EXERCISE MATERIALS
************

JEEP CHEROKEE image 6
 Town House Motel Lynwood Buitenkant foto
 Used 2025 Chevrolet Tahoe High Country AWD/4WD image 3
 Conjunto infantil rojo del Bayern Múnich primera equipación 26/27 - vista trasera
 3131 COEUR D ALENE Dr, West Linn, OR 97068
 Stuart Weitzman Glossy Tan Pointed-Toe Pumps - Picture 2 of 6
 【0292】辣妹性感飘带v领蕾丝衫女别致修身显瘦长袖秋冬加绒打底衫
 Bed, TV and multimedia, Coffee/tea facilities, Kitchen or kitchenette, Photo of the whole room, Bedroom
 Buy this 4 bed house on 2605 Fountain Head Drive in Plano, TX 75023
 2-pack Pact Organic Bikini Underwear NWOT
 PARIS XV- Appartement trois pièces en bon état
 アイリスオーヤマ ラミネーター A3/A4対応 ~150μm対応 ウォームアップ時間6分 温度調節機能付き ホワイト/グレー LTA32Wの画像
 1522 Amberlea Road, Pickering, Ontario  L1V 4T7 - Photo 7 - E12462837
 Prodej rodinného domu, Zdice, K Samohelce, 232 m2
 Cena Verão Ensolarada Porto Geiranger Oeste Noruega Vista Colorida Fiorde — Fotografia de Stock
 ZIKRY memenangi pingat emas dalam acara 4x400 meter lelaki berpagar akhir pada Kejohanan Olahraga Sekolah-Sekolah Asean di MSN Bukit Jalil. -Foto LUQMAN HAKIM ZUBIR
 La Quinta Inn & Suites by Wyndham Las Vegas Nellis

************

DIRECTIONS FOR THIS TASK
Across all the entries, count the lines that contain "Photo", and state nothing but the total.

RESULT OF THE TASK
2